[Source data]
------------------------------
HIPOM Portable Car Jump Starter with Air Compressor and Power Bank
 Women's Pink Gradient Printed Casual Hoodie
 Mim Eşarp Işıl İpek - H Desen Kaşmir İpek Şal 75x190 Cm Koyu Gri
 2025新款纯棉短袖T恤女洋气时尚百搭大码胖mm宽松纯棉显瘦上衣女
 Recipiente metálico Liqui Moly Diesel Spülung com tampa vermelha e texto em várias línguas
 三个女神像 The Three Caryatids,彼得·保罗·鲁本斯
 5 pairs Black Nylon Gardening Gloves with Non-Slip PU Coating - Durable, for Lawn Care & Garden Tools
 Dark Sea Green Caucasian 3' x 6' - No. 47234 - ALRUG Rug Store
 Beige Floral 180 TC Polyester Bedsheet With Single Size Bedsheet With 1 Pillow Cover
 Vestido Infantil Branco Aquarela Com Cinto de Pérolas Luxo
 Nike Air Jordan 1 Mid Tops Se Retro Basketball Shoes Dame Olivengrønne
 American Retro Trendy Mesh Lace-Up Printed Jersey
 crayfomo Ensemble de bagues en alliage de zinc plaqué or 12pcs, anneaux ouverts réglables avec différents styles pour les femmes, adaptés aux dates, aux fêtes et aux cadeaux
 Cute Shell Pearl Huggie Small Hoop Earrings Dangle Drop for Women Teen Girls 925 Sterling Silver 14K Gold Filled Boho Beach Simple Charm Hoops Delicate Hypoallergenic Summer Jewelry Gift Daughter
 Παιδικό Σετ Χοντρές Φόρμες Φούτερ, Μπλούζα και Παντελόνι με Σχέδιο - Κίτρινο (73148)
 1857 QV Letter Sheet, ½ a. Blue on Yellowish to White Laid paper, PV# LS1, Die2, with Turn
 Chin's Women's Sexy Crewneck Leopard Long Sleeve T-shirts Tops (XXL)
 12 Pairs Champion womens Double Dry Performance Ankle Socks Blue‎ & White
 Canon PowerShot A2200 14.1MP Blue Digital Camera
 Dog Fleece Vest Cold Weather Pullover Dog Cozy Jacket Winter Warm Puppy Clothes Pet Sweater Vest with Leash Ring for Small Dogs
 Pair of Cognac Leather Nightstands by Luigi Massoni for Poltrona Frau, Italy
------------------------------
Among the lines of the data, some may include "Printed" as a word or string; report how many, and nothing else.

Answer space: 2